Fake Trezor "Critical Vulnerability Notice" warning

[examplens]

Today, I received a phishing email warning me of a critical vulnerability in the Trezor firmware. The email contains a link that should be used to perform an emergency firmware update.
It is important to note that all phishing links go to the extend.com domain.
The matter was officially confirmed by the Trezor on X https://x.com/Trezor/status/1938849061760553069

What is even more strange to me is that I received this email at two different email addresses, both of which were registered with Trezor at some point (then there was a specific reason and need for it). One of those addresses is only used on a couple of sites besides Trezor, so I'm not sure if the scammers collected data from the Trezor database or from somewhere else.

[Alphakilo]

Thank you for this warning notice.

I think this topic is better suited for the Beginners and Help board because that's where most people will get to see it and get informed.  Although not Trezor, I have received similar emails and it makes me to wonder how my email address got compromised.

As for Trezor,  the compromise may have been from a third party which they at some point used. All the same it drives home the message that one should not click on any suspicious links.

[Potato Chips]

Thanks OP.

I just checked the email I used to order trezor HW years ago, and found I've been getting spammed LOL. I looked into it, and they're all scams that request folks to install malicious firmware updates as well.



Sadly, this is actually one of my old emails and I've used it to many other websites before. Though, since there were incident before that leaked a portion of trezor users' emails, I wouldn't be surprised if it is one of the source for this.

Stay safe, everyone.

[albon]

It's good that you shared this important warning.
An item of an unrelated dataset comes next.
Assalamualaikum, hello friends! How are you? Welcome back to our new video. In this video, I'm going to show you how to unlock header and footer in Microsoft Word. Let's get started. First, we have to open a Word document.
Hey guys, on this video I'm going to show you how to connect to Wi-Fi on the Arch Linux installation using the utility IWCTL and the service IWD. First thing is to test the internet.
Trezor is a reliable and user-friendly cold wallet and a leader in the industry. However, any mistake on the part of the user's side could put their assets at risk of theft.. This data breach involving customer information will open the door for scammers to try to target their victims via email. Therefore, any message related to Trezor should be treated with caution.
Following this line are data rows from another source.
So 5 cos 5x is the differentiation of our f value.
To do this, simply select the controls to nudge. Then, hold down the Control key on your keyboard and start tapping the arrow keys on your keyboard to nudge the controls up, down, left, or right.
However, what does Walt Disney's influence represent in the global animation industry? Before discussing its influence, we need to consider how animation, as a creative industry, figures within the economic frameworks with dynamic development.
It is best not to rely on emails and avoid downloading attachments or clicking on links, which are usually hidden behind text and don't clearly reveal the destination URL. The Phishing websites will continue to harass users,, but with increased user awareness, their harmful impact will be diminish.

[Lucius]

~snip~
What is even more strange to me is that I received this email at two different email addresses, both of which were registered with Trezor at some point (then there was a specific reason and need for it). One of those addresses is only used on a couple of sites besides Trezor, so I'm not sure if the scammers collected data from the Trezor database or from somewhere else.

Considering that their database has been hacked at least once, it's not surprising that those who have ever had any dealings with them are receiving such emails. However, a few days ago I received an email related to the Ledger leak that is very similar to what you showed - so someone may be using that database and sending everyone different emails.

Such e-mails are best reported as spam in order to protect others, because in that case they will end up directly in spam folders.

It's good that you shared this important warning.
Trezor is a reliable and user-friendly cold wallet and a leader in the industry.

Nothing that connects to the internet is by definition a cold wallet - and if there is no workaround to install firmware and coin apps on the device, it is just an ordinary hardware wallet that is exposed to any online risk. When it comes to Bitcoin, anything other than an air-gapped wallet has become pointless (for me personally), because times and prices have changed so much that our habits have to adapt to it.

[examplens]

Considering that their database has been hacked at least once, it's not surprising that those who have ever had any dealings with them are receiving such emails. However, a few days ago I received an email related to the Ledger leak that is very similar to what you showed - so someone may be using that database and sending everyone different emails.

Such e-mails are best reported as spam in order to protect others, because in that case they will end up directly in spam folders.

The scammer has obviously decided to make maximum use of the email address base he has; a new email with similar content has arrived. This time from the new address <noreply @ 3m.com>.

Of course, there will be a report; the sender is also aware of that, that's why he changes domains.

[dkbit98]

One of those addresses is only used on a couple of sites besides Trezor, so I'm not sure if the scammers collected data from the Trezor database or from somewhere else.

I received this phishing email and I never used this email address for purchasing any Trezor device.
That means that it's not directly involved with Trezor leak, and this is not the first timew I received similar phishing messages.
Anyway, if you can choose than it's always better to buy hardware wallet locally for cash, that makes it zero chance for leaking any personal information.

[Lucius]

The scammer has obviously decided to make maximum use of the email address base he has; a new email with similar content has arrived. This time from the new address <noreply @ 3m.com>.
Of course, there will be a report; the sender is also aware of that, that's why he changes domains.

If it's about the Ledger database, then most of the hackers didn't even have to pay anything, considering that it was published publicly - and although it can't be ruled out that the database is used by the same people from time to time, it seems to me that there are a lot of new kids who want to get rich overnight and think "why not try?".

Unfortunately, I have no doubt that a small number of people will always fall for such a cheap trick, but that's the reality.